In my world, the waitress is Verizon, AT&T, Outlook, and every botnet this side of hell. No matter what I ask for, they just heap more spam on my plate and act like they’re doing me a kindness.

Let’s talk phones, because that’s where the insanity really screams. At work, I get at least twenty-five spam calls before I’ve even had my first cup of tea. My Verizon cell? Twenty more this morning, and that’s just before noon. Every single one is some spoofed number, pretending to be local, pretending to be someone I might actually give a damn about. They’re built to trick you. And sometimes, aye, they do. Sometimes the number looks just familiar enough that you answer before your brain catches up.

And then it hits. That dead pause. The giveaway silence before the robocall system connects you to some chancer in a call center halfway around the globe. That half-second where your brain screams, ‘Not this shite again.’ Then, right on cue, the voice pipes up, always with the same fake cheer: ‘Hello Colin…’

And that’s when the reflex kicks in. The hard shutdown. The verbal eject button. SHUT THE FUCK UP … take me off your fucking list, you useless CUNT! The thing people think is a catchphrase, but is actually a survival mechanism. Because when you’ve been hammered by this garbage day after day, week after week, year after year, you stop entertaining it. You stop being polite. You stop giving them a chance to get a word out. You shut it down instantly because if you don’t, they’ll keep going, and going, and going. It’s not rudeness. It’s self‑defense.
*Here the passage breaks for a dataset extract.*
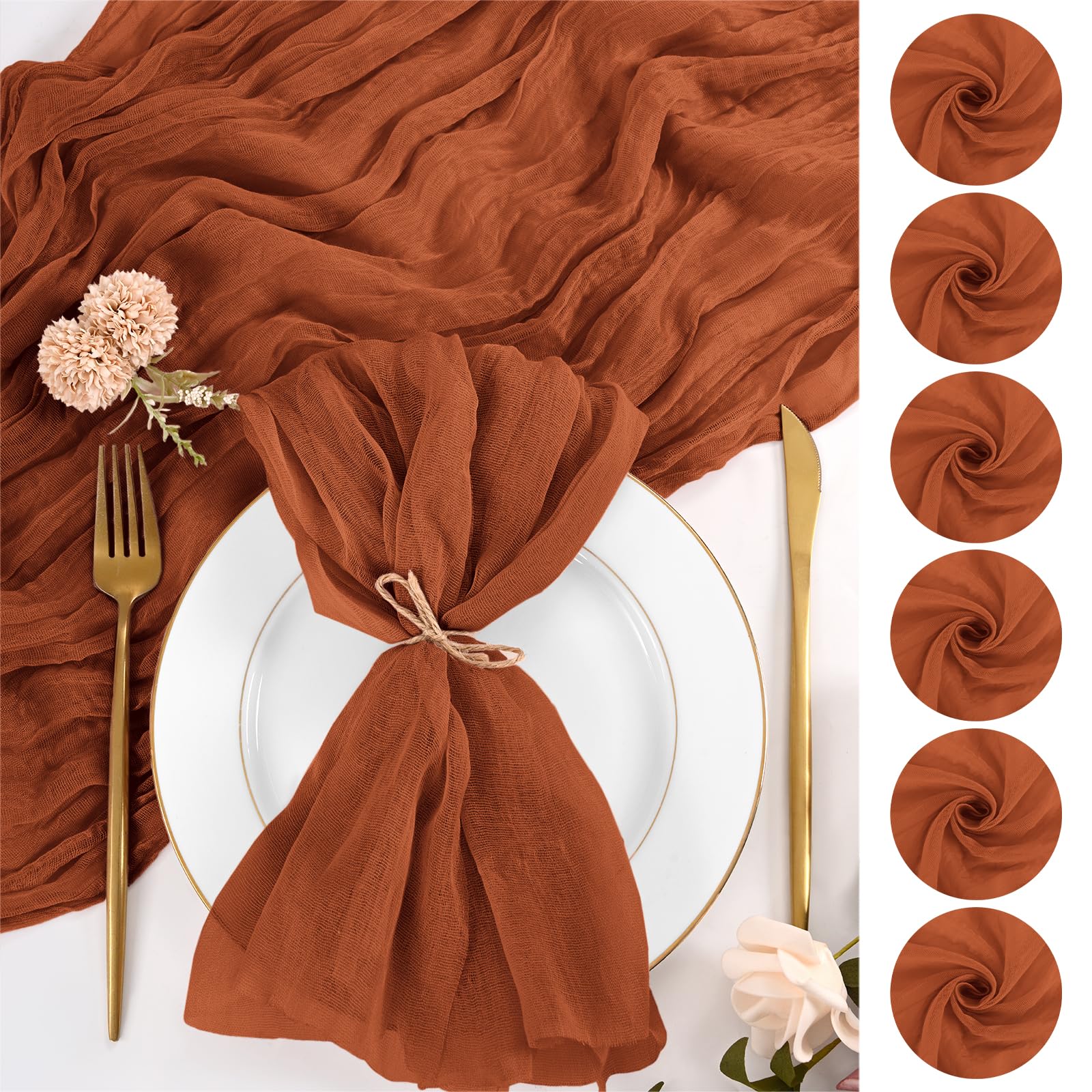24 Pcs Terracotta Cheesecloth Napkins 50x50 CM Cloth Napkins Bulk Rustic Boho Gauze Dinner Napkin Cloth Washable Table Napkin for Wedding Party Bridal Baby Shower Table Decor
Meanwhile, Verizon, the same lot who sold me the phone, bill me every month, and swear blind their Call Filter is ‘active,’ can’t even get their own app to work on their own bloody network. I spent twenty-eight minutes on the phone with them today. The grand result? ‘We need forty-eight hours to investigate.’ Forty-eight hours to figure out why their own software won’t launch. Brilliant. Absolutely brilliant.

Email’s no better. Between home and work, I’m drowning in over eighty spam emails a day. Gmail actually does its job, but Outlook? Outlook’s like a hall monitor who’s nodded off at his post. The worst rubbish just waltzes in, fake mustache and all. I’ve set up rules, filters, blocklists, safe senders, unsafe senders—you name it. Outlook still lets half the junk through, acting like it’s doing me a favor.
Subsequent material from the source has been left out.